A funky “Santa Claus Is Coming To Town” and a soul-inspired “Oh Holy Night” which featured Emilio Castillo on vocals, accompanied by Jerel and Roger Smith’s soothing harmonies, led to Castillo joyfully speaking about his blessed life since becoming sober, and he introduced the band members, one by one, and added an amusing anecdote for each one. The band then ripped into “Diggin’ On James Brown” from their 1995 “Souled Out” release that featured the band rockin’ some synchronized dance moves while including bits of JB’s “It’s A New Day” and “Mother Popcorn,” as well as “Star Time” and “I Got the Feeling” during the songs middle section. This one is always a showstopper and shows that they can deliver as tight a performance as ever.
Tower of Power pulled in another holiday number, Castillo referred to it as his favorite, a very special version of the late Donny Hathaway’s “This Christmas” that really brought the spirit of the holiday to the forefront. It’s a beautifully moving song, and TOP has brought a new light to it, with their combination of talents. It was followed by one of their biggest hits, the Top 20 single “So Very Hard To Go” from 1973, that had most of the crowd singing along.
For the final number of the set, the band brought up former band member Sal Cracchiolo as well as Emilio Castillo’s cousin Roger Garcia, Jr. to join the band on trumpet. Singer Mike Jerel addressed the crowd to tell him the “answer to the eternal question?
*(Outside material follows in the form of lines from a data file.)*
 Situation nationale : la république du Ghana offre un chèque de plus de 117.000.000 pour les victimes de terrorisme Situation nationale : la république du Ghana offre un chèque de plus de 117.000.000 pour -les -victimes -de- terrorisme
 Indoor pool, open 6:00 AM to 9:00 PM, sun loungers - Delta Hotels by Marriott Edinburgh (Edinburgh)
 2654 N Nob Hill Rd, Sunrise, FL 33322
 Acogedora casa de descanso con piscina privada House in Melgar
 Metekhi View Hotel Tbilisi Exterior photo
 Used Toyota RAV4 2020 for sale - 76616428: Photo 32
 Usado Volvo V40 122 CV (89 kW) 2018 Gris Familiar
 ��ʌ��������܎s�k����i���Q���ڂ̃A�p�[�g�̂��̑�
The answer, of course, and enthusiastically screamed back to the band was, of course “What Is Hip?” This song is undoubtedly the band’s most recognizable song and significant in its appeal to TOP’s fans as being the ultimate funk-horn danceable song. You have to fight yourself to sit down for this one!
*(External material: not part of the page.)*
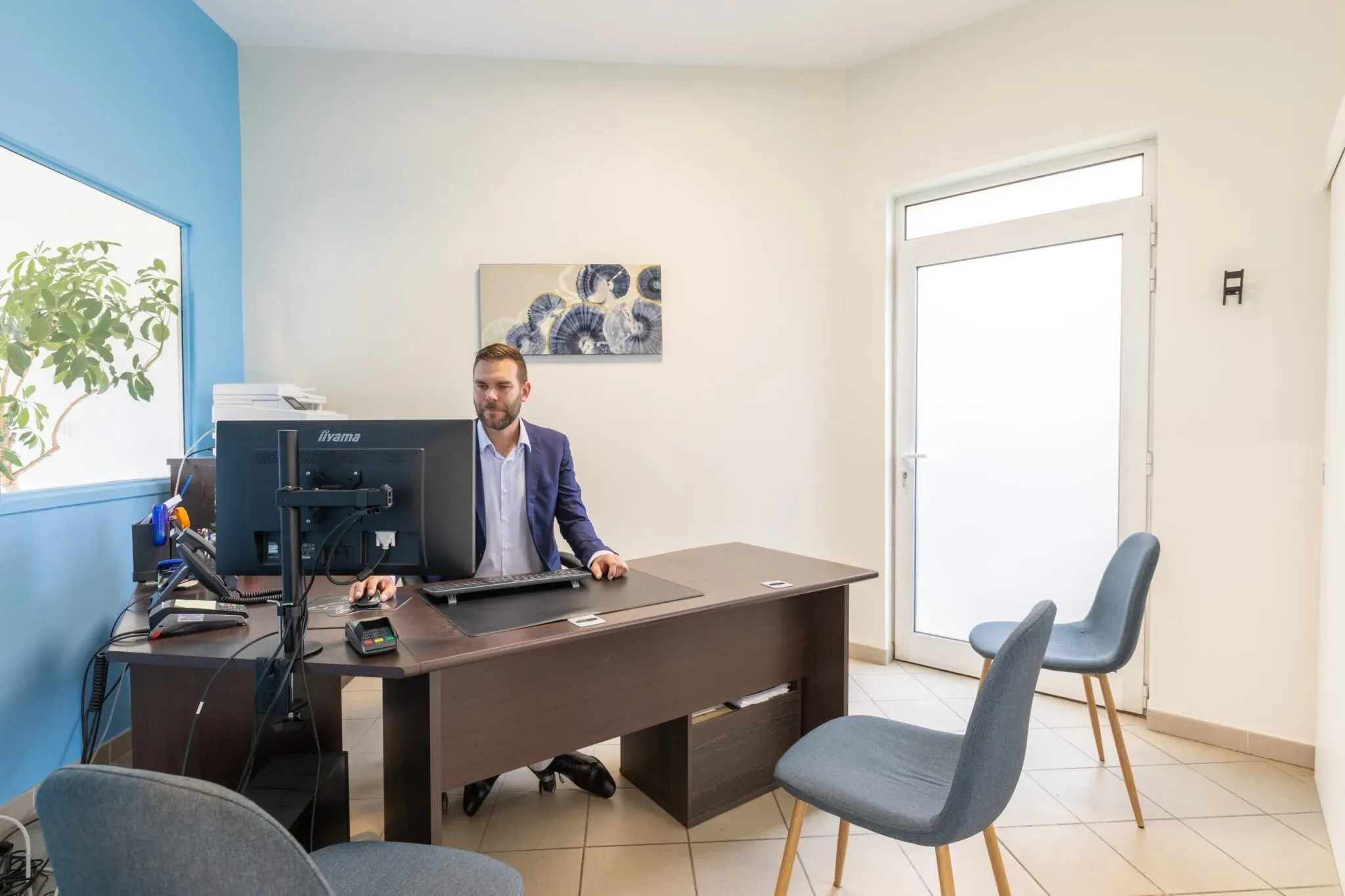 Bureau d'accueil individuel du conseiller funéraire dans l'agence.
The stops and starts from Garibaldi behind his drum kit led to the call and response from the band members as Van Wageningen’s rolling bass lines drove the song to new heights. At one point, Castillo led the audience to scream “Soul Power” before Politzer took center stage for a fantastic sax solo. This song is serious “funk gumbo” as there is so much added to the tasty mix, and the band has been doing variations on this one since it was first released, way back in 1973.
As the band left the stage at the song’s end, most of us attempted to catch our breath, as I’m sure the band was as well. They soon returned to a thunderous applause and closed out the evening with an encore performance of what Castillo explained was “the first song I ever wrote” the wonderful soul influenced ballad “You’re Still a Young Man” a huge hit for Tower of Power from 1972’s “Bump City” recording. During the song’s lyric “Down on my knees” vocalist Jerel did just that, and sang from a kneeling position, much to the delight of the fans. The Tower of Power horns, particularly the trumpets, were on point, and provided the song’s coda, which is always a treat to hear and still gives me “goosebumps” after all these years. At the song’s end, the band bowed, and waved and Castillo wished everyone a “Happy Holiday.”
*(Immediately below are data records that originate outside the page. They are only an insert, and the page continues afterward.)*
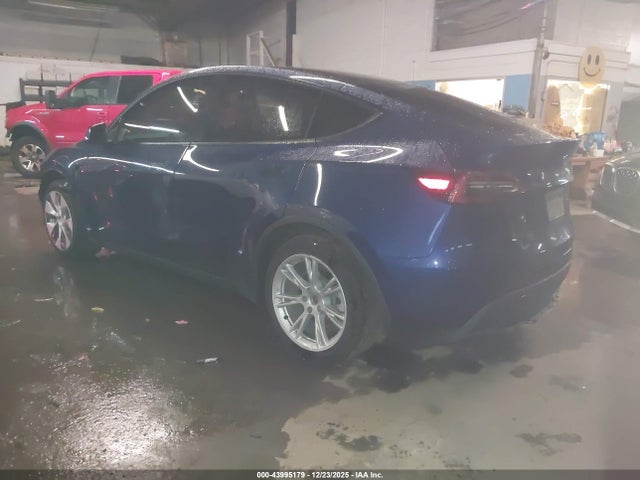 2021 TESLA MODEL Y 5YJYGAEE2MF193803 Photo 2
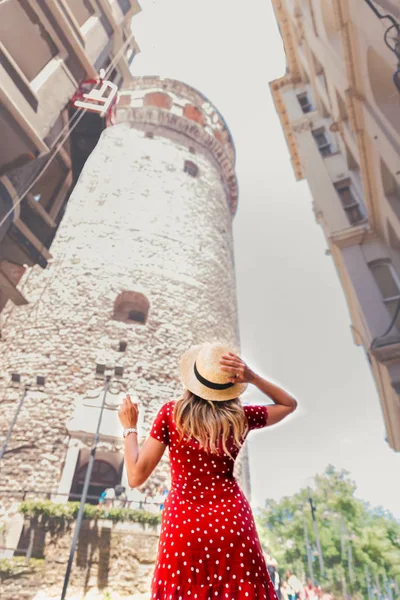 Mooie Vrouw Rode Jurk Ziet Het Landmark Galata Tower Beyoglu — Stockfoto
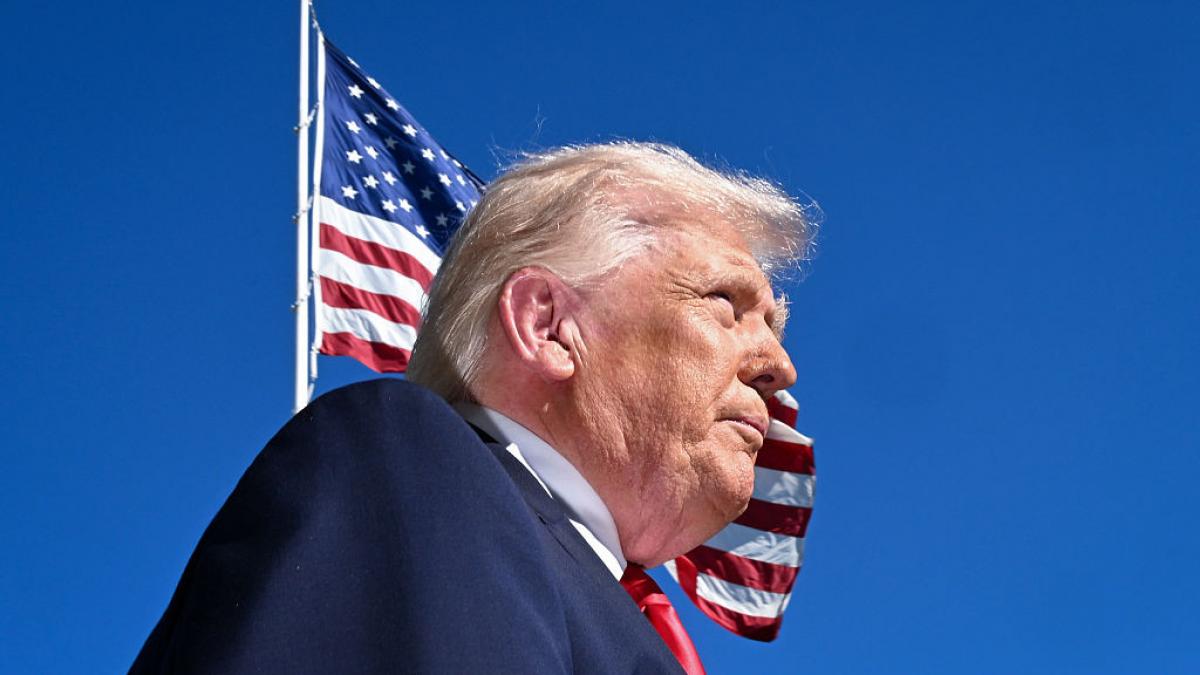 the atlantic trump se considera cel mai puternic om din toate timpurile si se compara cu iulius caesar si napoleon bonaparte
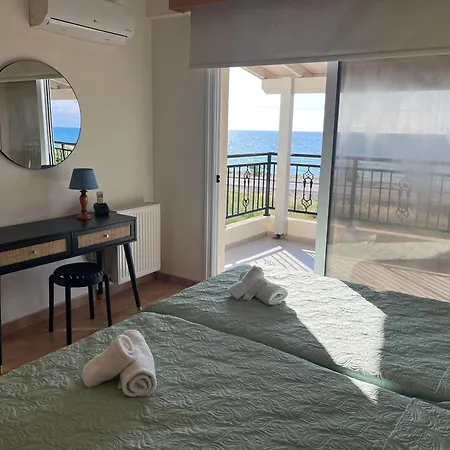 Beachfront Thomas 5 Villa *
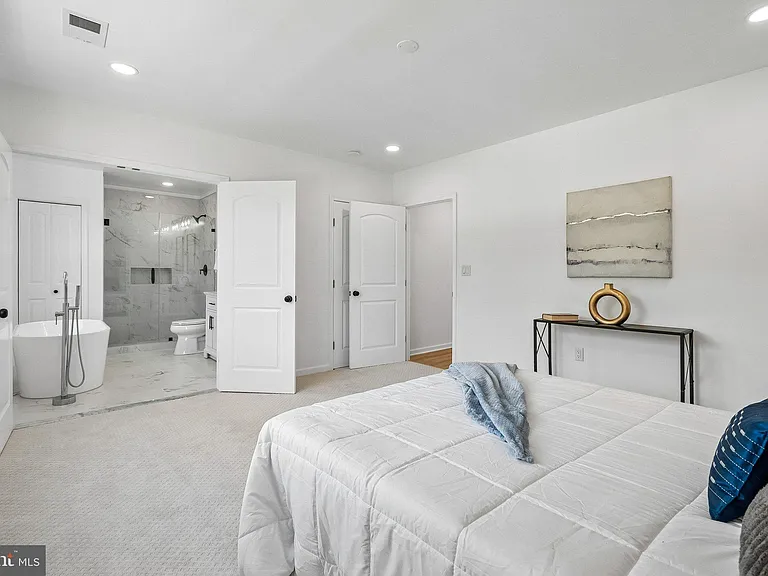 3108 Adams St NE — Photo 16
The crowd stood and applauded and made their way to the exits, grinning like a kid on Christmas morning. The ”funk” was in the hearts of all who attended, that’s for sure, and many were seen dancing their way to the parking lot. As a long-time fan of the band, I cannot wait to see them again. I will continue to plead the case to get Tower of Power inducted in the Rock and Roll Hall of Fame. I truly believe that they are long overdue. The band picks it back up and will hit the road again in 2024. My thanks to those that made it possible to attend such an enjoyable show. The band’s spirit is in me. Have a Happy Holiday and a funky New Year y’all!